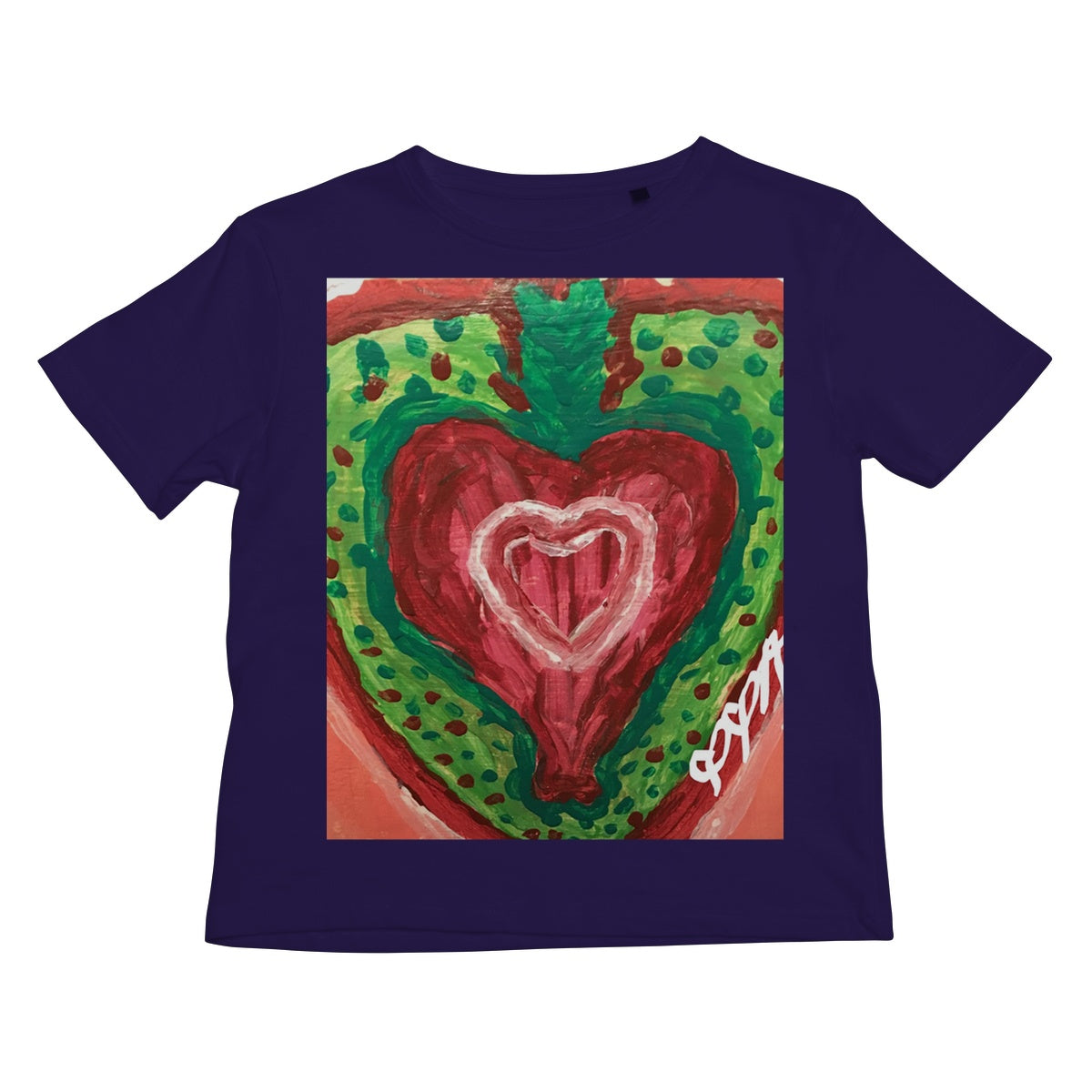 SACRED HEART OF THE SEED OF LIFE KIDS T-SHIRT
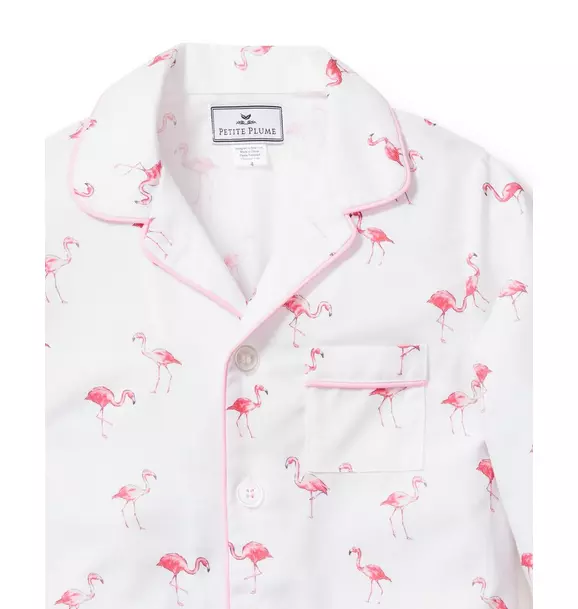 Petite Plume Flamingo Pajama Set image number 1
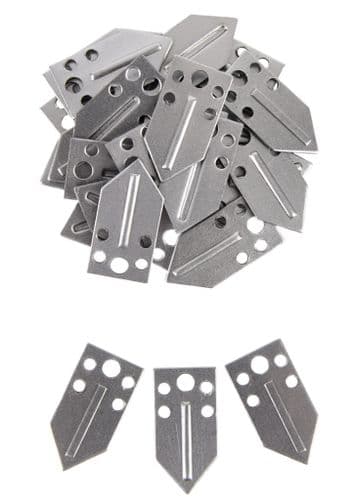 Steel Scales for Lamellar Armour, 13 mm x 25 mm (Pack of 25)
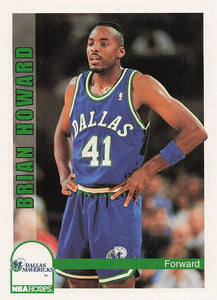 1992-93 NBA Hoops Brian Howard #371 RC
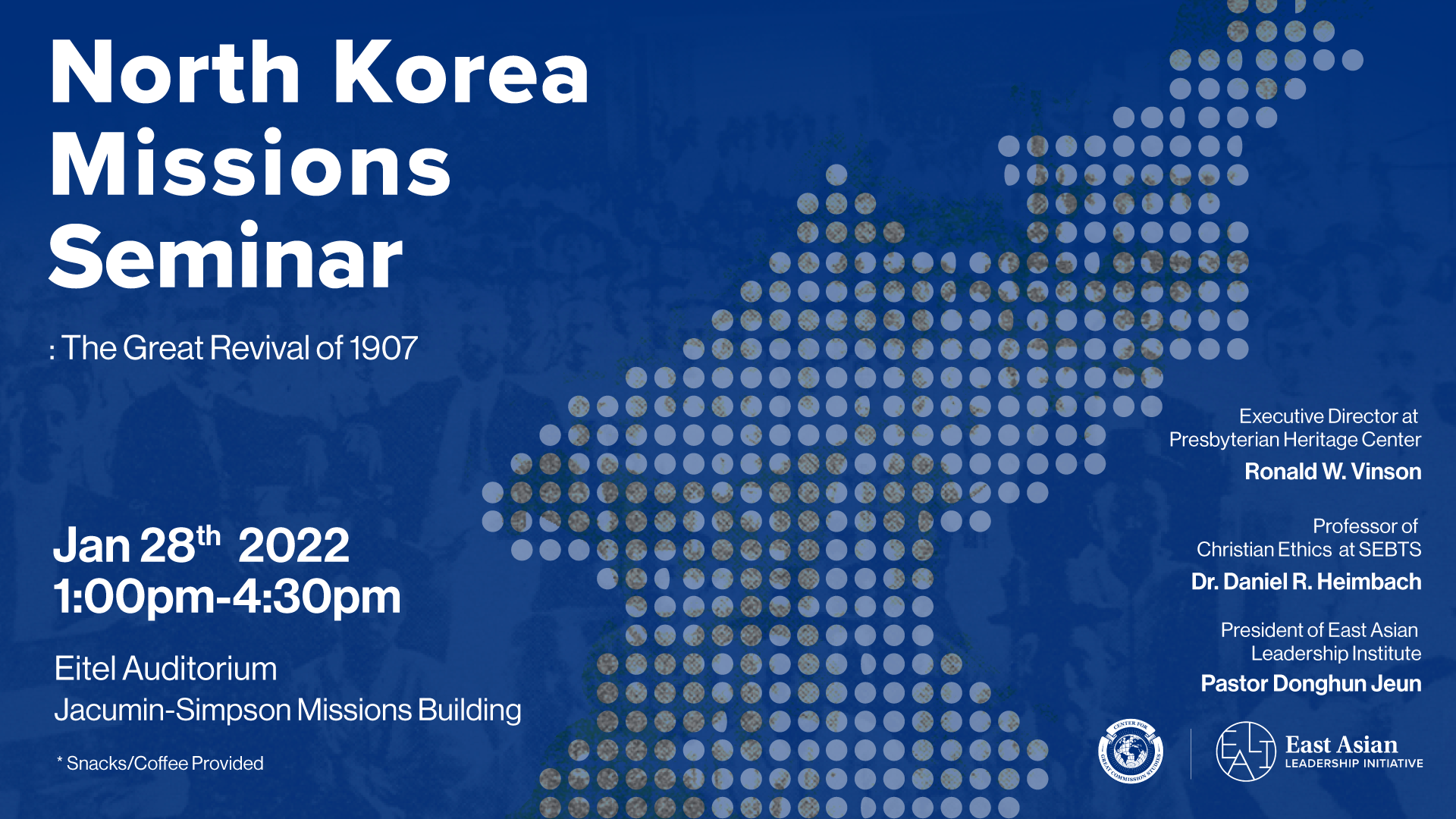 North Korea Missions Seminar poster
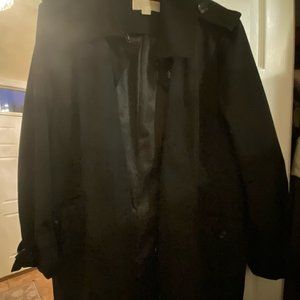 Michael Kors- Women's Black Trench Coat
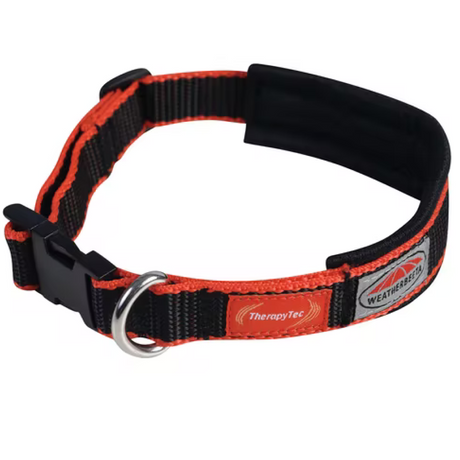 Weatherbeeta Therapy-Tec Dog Collar #colour_black-red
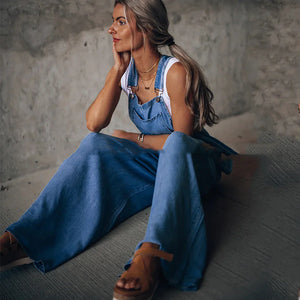 Denim Suspender Overalls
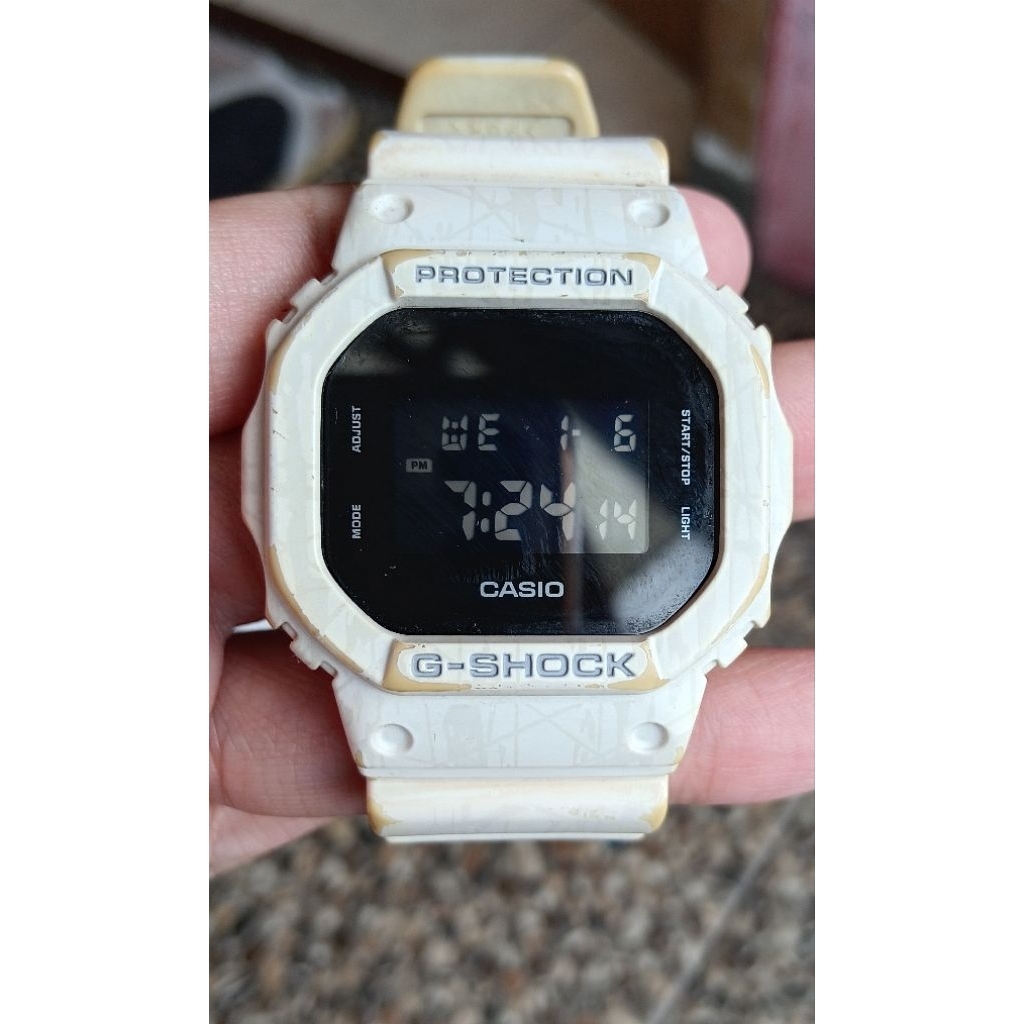 Casio G-Shock DW-5600SL Second/Bekas/Preloved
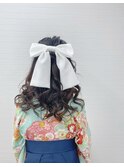 ふわふわハーフアップでガーリーに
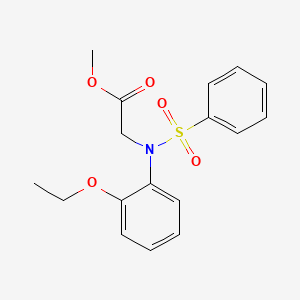 molecular formula C17H19NO5S B2966505 Methyl N-(2-ethoxyphenyl)-N-(phenylsulfonyl)glycinate CAS No. 358378-00-4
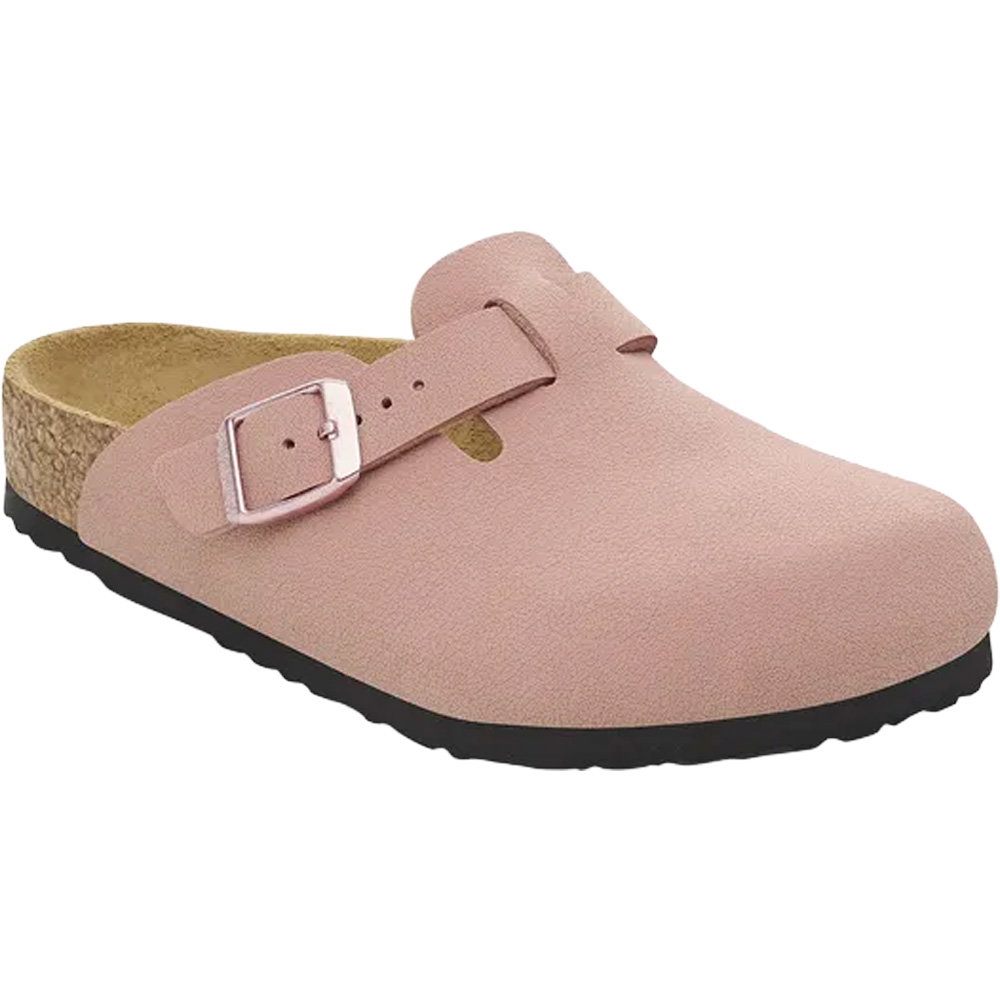 Birkenstock - Boston Birko-Flor® Nubuck Sandalen Kinder pink clay
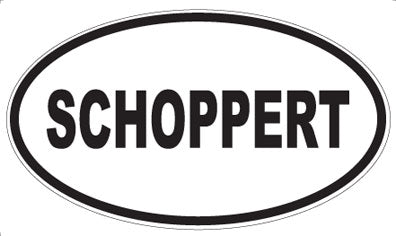 SCHOPPERT - Oval Sticker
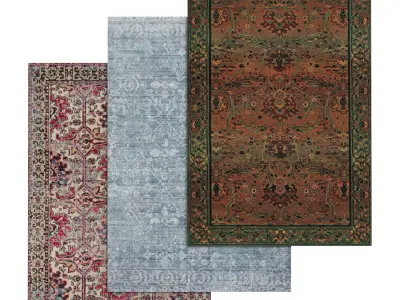 Rug Set 649 3D model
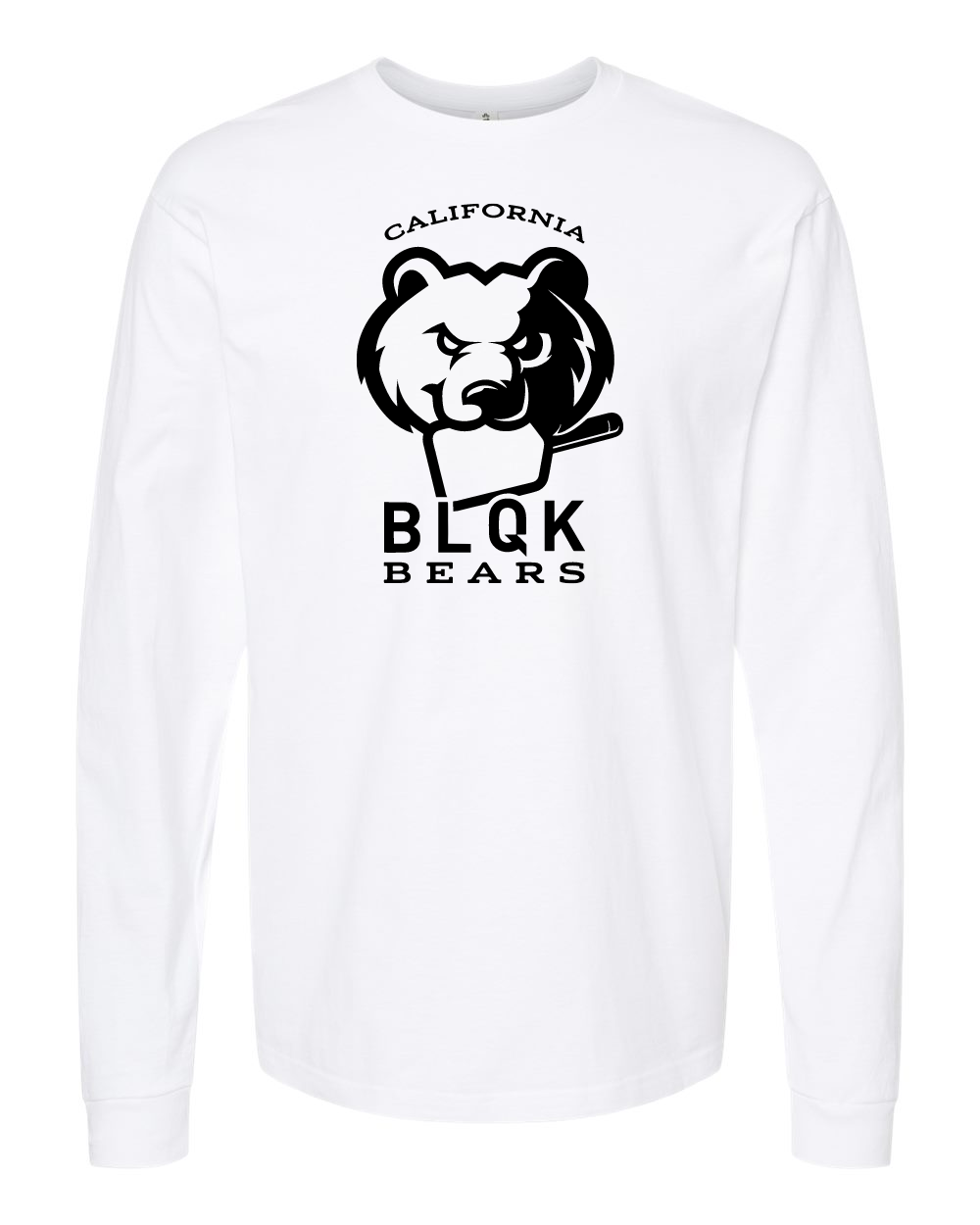 BLQK BEARS White Long Sleeve Tee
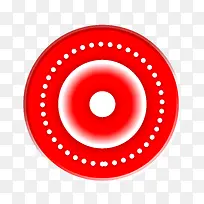 红色按钮锅盖盖子环形纽扣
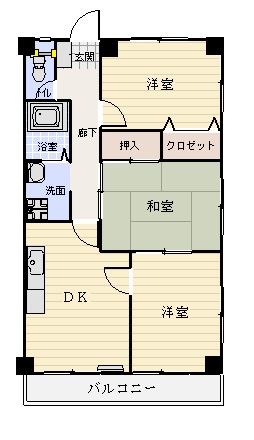 シティプラザミウラの間取り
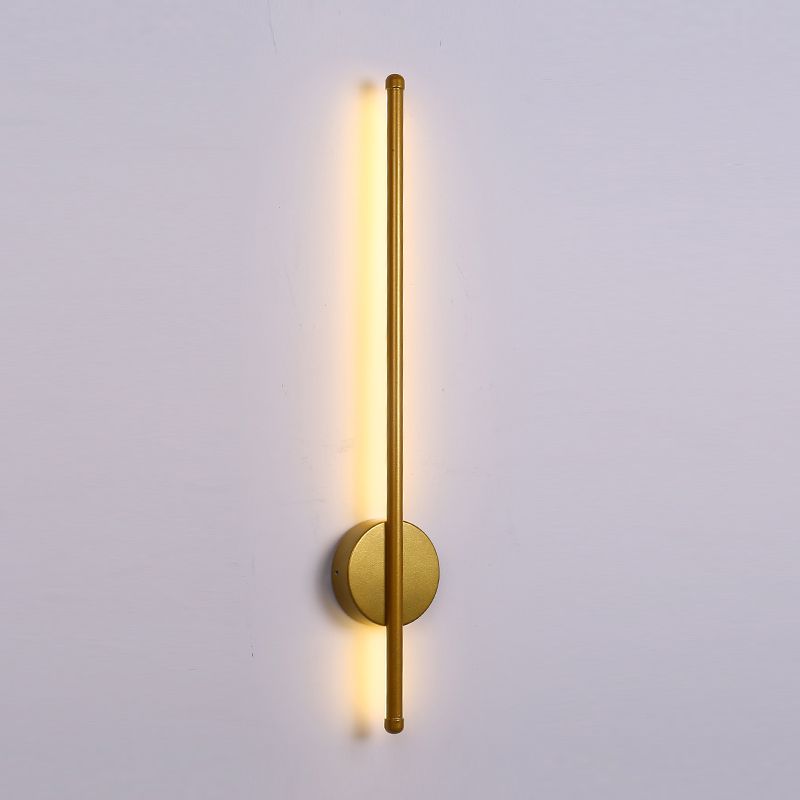 Modern Style Linear Sconce Light Fixture Metal 1 Light Wall Mounted Lighting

* _ASSIGNMENT_: The answer should be the records above, unchanged, with the pictures omitted.

* _EXPECTED OUTPUT_:
 SACRED HEART OF THE SEED OF LIFE KIDS T-SHIRT
 Petite Plume Flamingo Pajama Set image number 1
 Steel Scales for Lamellar Armour, 13 mm x 25 mm (Pack of 25)
 1992-93 NBA Hoops Brian Howard #371 RC
 North Korea Missions Seminar poster
 Michael Kors- Women's Black Trench Coat
 Weatherbeeta Therapy-Tec Dog Collar #colour_black-red
 Denim Suspender Overalls
 Casio G-Shock DW-5600SL Second/Bekas/Preloved
 ふわふわハーフアップでガーリーに
 molecular formula C17H19NO5S B2966505 Methyl N-(2-ethoxyphenyl)-N-(phenylsulfonyl)glycinate CAS No. 358378-00-4
 Birkenstock - Boston Birko-Flor® Nubuck Sandalen Kinder pink clay
 SCHOPPERT - Oval Sticker
 Rug Set 649 3D model
 BLQK BEARS White Long Sleeve Tee
 红色按钮锅盖盖子环形纽扣
 シティプラザミウラの間取り
 Modern Style Linear Sconce Light Fixture Metal 1 Light Wall Mounted Lighting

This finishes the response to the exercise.